Of the film’s minor shortcomings, most puzzling is an elision that “Why We Fight” shares with Adam Curtis’ pseudo-documentary “The Power of Nightmares,” over the historic role of the U.S.’s relationship with Israel in the development of its foreign policy. The ultra-hawk Richard Perle, former chair of the elite Pentagon Defense Policy Board, features prominently here, upstaging his own appearance in “Nightmares” and inadvertently highlighting this elision. Perle is teasingly presented as Mephisto, draped in shadows and backlit with a blue halo, extolling the doctrine of preemption in a velvety baritone.

Perle’s outlook and influence are profoundly informed by his commitment to Israel. As journalist Thomas Powers has noted, Perle has worked for the Jerusalem Post, consulted for Israeli arms merchants, served as advisor to the Jewish Institute for National Security Affairs, and in 1996 coauthored with fellow American Jewish neo-cons Douglas J. Feith and David Wurmser the policy paper “A Clean Break: A New Strategy for Securing the Realm” for then-Israeli prime minister Benjamin Netanyahu.

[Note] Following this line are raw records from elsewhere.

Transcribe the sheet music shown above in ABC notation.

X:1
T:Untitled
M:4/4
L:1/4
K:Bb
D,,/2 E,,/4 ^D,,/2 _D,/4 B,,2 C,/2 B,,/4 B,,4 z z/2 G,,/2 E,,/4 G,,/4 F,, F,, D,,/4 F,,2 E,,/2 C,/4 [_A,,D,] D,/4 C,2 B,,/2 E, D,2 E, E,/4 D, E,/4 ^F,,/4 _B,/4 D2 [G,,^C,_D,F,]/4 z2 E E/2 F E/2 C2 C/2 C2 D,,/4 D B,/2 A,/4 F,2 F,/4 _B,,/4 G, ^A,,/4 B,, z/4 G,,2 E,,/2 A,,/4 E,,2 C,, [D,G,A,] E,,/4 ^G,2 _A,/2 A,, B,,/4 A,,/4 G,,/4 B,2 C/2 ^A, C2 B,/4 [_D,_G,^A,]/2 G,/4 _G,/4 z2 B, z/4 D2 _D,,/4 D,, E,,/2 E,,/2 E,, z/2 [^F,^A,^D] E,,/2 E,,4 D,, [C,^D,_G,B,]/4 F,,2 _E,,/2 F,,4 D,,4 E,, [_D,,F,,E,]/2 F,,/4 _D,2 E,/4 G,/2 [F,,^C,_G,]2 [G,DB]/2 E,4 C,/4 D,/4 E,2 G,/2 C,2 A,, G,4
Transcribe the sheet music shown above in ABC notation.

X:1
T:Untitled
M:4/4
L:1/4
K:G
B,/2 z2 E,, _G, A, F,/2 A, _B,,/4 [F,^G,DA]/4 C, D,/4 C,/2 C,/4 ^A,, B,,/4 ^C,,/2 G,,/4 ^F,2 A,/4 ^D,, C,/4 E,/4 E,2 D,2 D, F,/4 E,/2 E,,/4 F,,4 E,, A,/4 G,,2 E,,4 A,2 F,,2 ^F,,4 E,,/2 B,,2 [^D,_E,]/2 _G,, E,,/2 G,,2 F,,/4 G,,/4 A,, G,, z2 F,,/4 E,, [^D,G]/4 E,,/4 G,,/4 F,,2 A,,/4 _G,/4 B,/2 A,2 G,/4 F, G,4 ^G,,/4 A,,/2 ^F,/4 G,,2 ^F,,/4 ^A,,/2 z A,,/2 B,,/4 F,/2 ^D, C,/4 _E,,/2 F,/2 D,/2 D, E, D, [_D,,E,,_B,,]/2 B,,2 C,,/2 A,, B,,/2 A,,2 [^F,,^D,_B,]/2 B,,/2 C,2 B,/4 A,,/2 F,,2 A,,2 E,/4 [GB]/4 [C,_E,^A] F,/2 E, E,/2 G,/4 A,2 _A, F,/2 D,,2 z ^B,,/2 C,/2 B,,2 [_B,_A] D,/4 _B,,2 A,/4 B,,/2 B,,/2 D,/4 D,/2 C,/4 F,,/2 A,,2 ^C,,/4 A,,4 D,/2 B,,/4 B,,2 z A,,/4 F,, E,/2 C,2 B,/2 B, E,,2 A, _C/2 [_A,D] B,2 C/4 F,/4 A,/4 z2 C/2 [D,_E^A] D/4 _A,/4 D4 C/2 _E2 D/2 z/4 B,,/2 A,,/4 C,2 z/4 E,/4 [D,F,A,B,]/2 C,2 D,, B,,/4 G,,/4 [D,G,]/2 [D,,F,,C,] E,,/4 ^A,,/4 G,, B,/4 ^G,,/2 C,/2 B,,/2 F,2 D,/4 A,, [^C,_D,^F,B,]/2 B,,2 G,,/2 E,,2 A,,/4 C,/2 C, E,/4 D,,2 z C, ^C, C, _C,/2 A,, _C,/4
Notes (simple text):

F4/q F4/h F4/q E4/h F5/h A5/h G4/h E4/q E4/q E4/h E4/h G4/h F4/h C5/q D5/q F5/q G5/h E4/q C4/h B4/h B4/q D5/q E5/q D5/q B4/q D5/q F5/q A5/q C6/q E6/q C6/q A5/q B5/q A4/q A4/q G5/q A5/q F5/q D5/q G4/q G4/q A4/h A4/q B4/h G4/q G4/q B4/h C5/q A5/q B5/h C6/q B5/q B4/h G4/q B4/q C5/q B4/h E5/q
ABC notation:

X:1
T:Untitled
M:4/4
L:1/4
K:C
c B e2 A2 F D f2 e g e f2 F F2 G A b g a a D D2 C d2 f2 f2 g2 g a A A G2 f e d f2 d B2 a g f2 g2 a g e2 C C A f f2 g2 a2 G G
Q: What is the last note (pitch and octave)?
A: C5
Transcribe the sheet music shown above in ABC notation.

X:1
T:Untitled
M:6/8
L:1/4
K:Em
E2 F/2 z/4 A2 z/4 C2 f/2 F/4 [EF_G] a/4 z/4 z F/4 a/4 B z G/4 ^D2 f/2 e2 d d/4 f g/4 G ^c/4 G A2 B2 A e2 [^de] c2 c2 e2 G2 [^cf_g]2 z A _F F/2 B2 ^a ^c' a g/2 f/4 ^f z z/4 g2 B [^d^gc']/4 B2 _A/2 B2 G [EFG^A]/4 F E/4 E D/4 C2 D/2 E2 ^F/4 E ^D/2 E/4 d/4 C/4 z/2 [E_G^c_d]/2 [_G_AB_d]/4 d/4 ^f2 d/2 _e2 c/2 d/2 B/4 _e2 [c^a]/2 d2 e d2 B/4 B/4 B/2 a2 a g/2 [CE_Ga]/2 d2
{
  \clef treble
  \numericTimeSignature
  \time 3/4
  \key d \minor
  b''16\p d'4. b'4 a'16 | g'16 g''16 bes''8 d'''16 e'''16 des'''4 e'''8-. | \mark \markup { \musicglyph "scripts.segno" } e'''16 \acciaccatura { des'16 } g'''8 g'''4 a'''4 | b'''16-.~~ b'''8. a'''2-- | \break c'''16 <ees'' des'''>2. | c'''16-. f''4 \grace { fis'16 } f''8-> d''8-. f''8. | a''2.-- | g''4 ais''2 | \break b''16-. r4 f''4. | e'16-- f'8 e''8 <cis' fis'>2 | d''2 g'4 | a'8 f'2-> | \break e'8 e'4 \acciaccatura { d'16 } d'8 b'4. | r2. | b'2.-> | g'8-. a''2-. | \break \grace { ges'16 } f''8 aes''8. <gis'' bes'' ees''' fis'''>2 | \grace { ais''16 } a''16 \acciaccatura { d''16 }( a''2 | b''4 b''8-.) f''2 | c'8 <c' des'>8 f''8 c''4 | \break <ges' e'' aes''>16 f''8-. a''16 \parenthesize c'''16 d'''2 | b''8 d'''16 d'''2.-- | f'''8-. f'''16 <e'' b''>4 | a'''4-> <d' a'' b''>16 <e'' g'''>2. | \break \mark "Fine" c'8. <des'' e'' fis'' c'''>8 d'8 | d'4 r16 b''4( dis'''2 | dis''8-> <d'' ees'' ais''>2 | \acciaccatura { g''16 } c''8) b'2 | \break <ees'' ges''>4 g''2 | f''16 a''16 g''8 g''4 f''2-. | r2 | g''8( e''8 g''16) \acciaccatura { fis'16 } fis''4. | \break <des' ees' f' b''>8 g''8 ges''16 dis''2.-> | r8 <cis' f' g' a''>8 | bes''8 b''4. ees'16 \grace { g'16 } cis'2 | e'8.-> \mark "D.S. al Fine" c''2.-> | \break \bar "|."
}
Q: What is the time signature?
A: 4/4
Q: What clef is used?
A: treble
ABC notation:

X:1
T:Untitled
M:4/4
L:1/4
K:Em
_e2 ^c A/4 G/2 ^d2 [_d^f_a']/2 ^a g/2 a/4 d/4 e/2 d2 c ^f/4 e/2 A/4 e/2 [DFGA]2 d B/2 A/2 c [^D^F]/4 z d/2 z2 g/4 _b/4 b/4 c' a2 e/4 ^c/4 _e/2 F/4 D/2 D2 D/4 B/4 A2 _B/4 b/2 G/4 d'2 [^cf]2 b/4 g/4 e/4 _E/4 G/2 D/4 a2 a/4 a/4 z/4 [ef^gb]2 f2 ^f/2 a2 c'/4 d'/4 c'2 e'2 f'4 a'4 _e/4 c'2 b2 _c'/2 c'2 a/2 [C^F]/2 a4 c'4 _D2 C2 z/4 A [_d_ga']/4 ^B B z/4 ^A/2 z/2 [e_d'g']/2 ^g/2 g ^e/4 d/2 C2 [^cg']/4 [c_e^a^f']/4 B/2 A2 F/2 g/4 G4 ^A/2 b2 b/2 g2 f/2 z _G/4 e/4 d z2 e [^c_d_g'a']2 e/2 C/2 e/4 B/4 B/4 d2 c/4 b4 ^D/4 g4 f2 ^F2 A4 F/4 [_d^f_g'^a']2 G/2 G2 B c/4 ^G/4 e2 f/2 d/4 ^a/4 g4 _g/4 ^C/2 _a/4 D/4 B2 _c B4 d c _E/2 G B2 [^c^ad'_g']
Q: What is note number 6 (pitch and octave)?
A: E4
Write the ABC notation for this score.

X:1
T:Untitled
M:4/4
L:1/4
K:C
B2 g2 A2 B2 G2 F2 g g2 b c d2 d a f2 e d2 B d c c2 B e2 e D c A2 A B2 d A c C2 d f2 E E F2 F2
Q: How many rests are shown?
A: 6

This paper recommended renouncing the peace process with the Palestinians and hardening Israel’s stance against Syria and Iraq, even by preemptive aggression, asserting that “removing Saddam Hussein from power [is] an important Israeli strategic objective in its own right.” Yet this clearly significant aspect of Perle’s influence on the administration’s Middle East policy—Bush’s scrapping of the peace process and Condoleezza Rice’s audacious rhetoric of remaking the Muslim world drawn from “A Clean Break”—goes unexamined in the otherwise near-encyclopedic film.

In all, though, “Why We Fight” is more solidly researched, smartly reasoned, and farther-reaching in its critique than most narcotized American viewers have come to expect. Jarecki eventually gets around to the basic antagonism between the imperatives of capitalism and the requirements of a democracy, floats the t-word (totalitarianism), and subtly insinuates the shared culpability of a supine, amnesiac populace for its government’s atrocities.

By its final frames, “Why We Fight” has not only answered the obvious sense of its title question by recovering the obscured history of the last half-century of US imperialism. It has also demonstrated the urgency of why we—America’s actual anti-Bush majority—must fight to topple the war profiteers and restore our dishonored democracy.